|Place||Europe: France, Nord Pas de Calais, Nord, Lille, Fromelles|
|Physical description||Chemicals, Glass|
|Date made||c 1915-1916|
First World War, 1914-1918
Iodine ampoule : Private H Mayer, 55 Battalion, AIF : Pheasant Wood mass grave, Fromelles
Hand blown glass ampoule containing iodine, with soil accretions on the glass. Originally part of a first field dressing.
Private Henry Mayer, C Company 55 Battalion, was born in Lancashire England in 1894. The youngest of five siblings (Emma, Joseph, Oswald, Alice and Lucy), Mayer came to Australia in 1912 with his brother Joseph aboard the Zealandia when he was 18 years old. He was working as a railway employee when he enlisted in July 1915 and embarked on HMAT Argyllshire on 30 September 1915. Originally with 3 Battalion, Mayer was transferred to the new 55 Battalion in February 1916 while training in Egypt. He appeared to have a little trouble adjusting to military life and twice was ordered to field punishment number 2 during his time in Egypt. The first was three days for hesitating to obey an order and the second was six days for conduct to prejudice of good order and military discipline.

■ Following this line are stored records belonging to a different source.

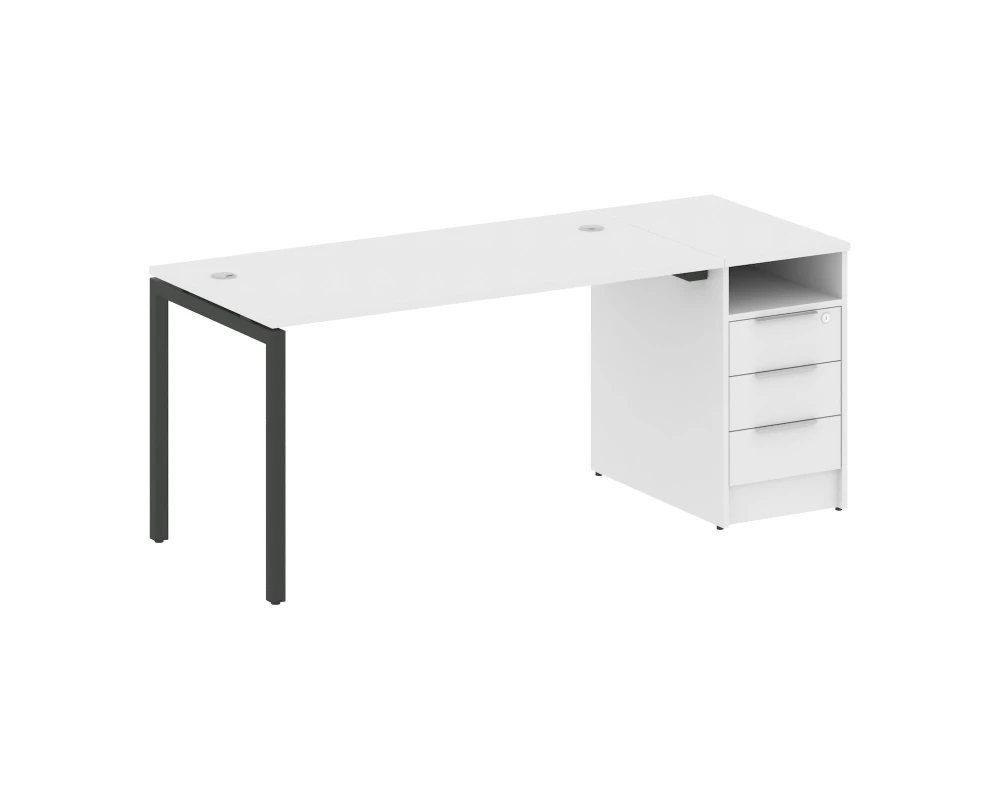 Рабочая станция с тумбой на П-образном м/к 1812x720x750 Метал Систем Куатро 4х4 / Metal System Quattro 4x4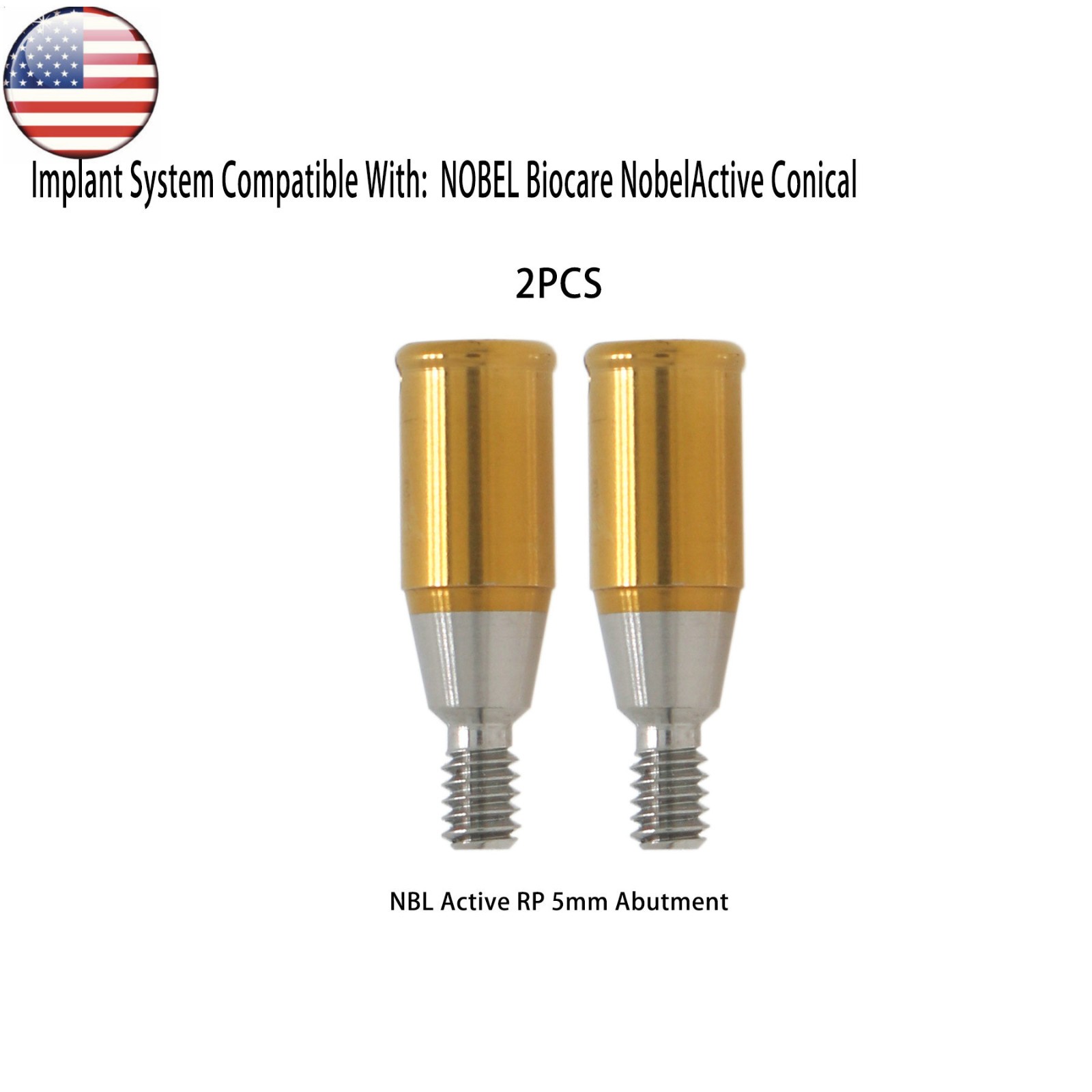US Dental Locator Abutments for Nobel Active Conical RP NA451/2/3/4/5mm Height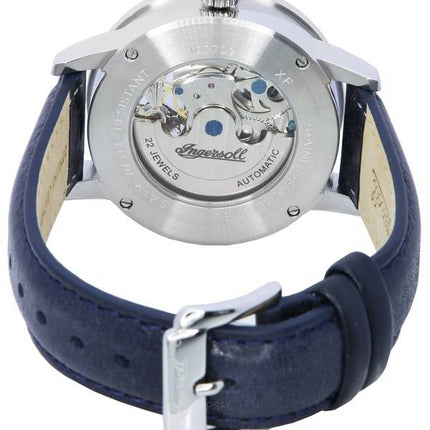 Ingersoll The Jazz Sun and Moon Phase Lederarmband Skelett Silber Zifferblatt Automatik I07702 Herrenuhr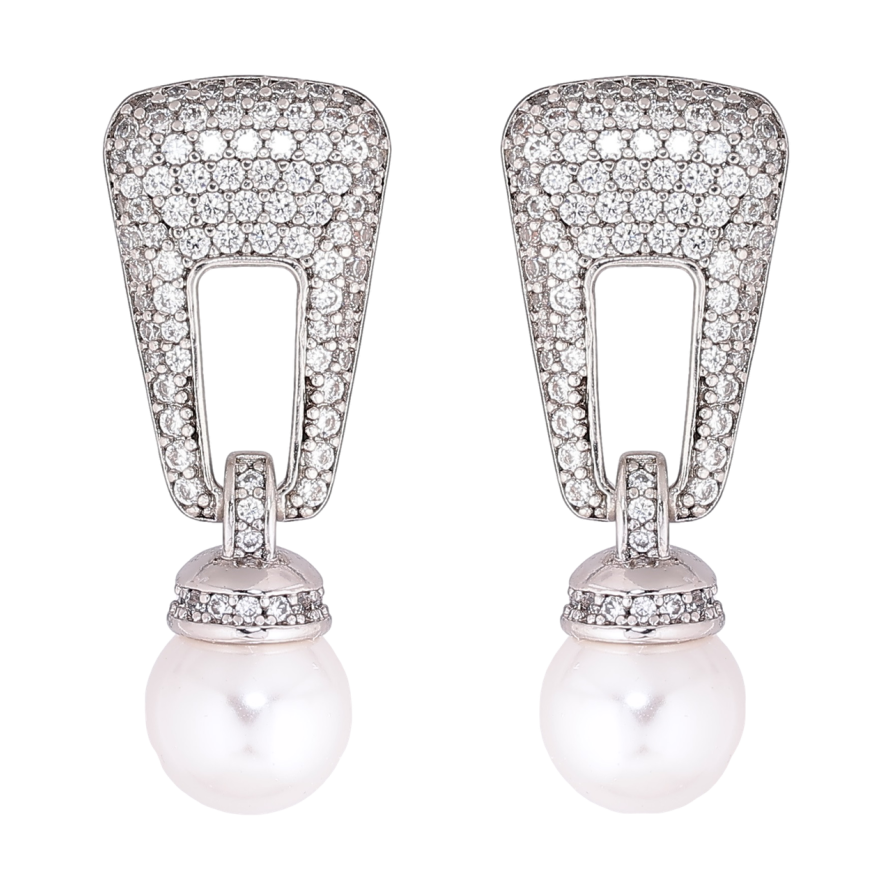 Сережки Xuping Родій пусети Підвіски з інкрустацією кристалами та перлинами фото №1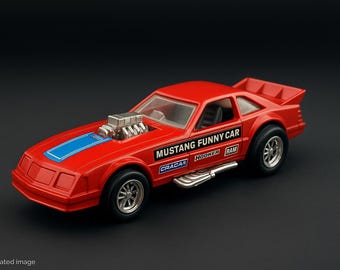 Coche de juguete Mustang Funny Car rojo clásico – Coche de carreras de aceleración con motor expuesto, de colección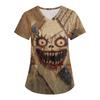 Women's Printing Uniform Work Uniform V-neck Pockets Basic Short Sleeve Pullover Top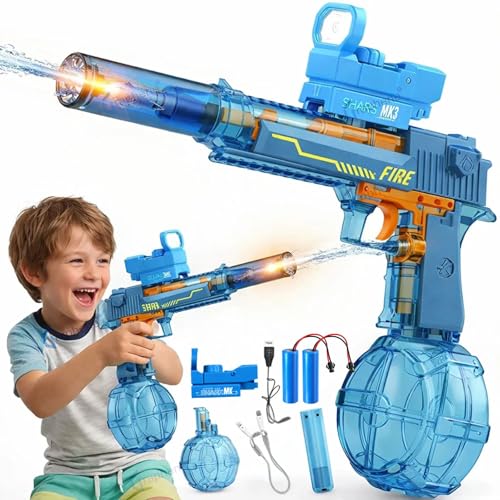 Image of GRAPHENE Automatic Electric Water Gun Toy Holi Pichkari with 2 Rechargeable Battery High Pressure Muzzle Flash Fire Cap 32FT Long-Range Blaster Squirt Watergun for Kids Boy Girl Adult Pool Summer Fun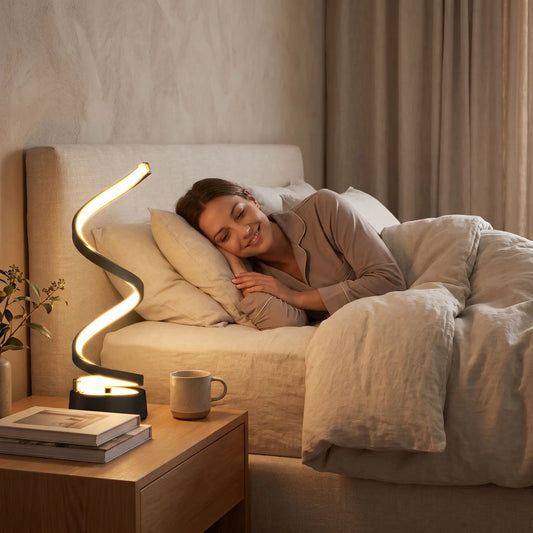 femme dors devant lampe de chevet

On 29 May 1916, Mayer embarked on the MT Caledonian from Alexandria and disembarked Marseilles ten days later. At this time, about 75 per cent of the battalion were new recruits and within weeks, found themselves on the front line and about to participate in the first major battle fought by Australians on the Western Front at Fromelles on 19 July. The battle of Fromelles, fought over a 24 hour period and resulting in over 5500 Australian casualties, is generally regarded as Australia's worst military disaster.
Many casualties occurred in the early part of the battle when there was a heavy bombardment from both sides. Some early casualties in the 14th Division were from friendly fire intended for the enemy wire. As part of 14th Division, 55 Battalion were on the left flank of the front line and very close to the German front line. At about 6.00 pm the first waves from C and D companies went forward and captured German trenches. Mayer was in a German trench firing his Lewis gun over the shoulder of his commander Lt Agassiz when he was shot in the head and killed instantly.
Unfortunately Mayer's body had to be left in the German trench when the company retired back to their original lines. Following the battle German troops buried many of the Australian and British dead in an unknown location near the site of the fighting, where they lay undisturbed for over 90 years. The soldier's bodies, including Mayer's, were eventually discovered in mass graves at Pheasant Wood in 2009 and have been reinterred in the newly established Fromelles (Pheasant Wood) Military Cemetery.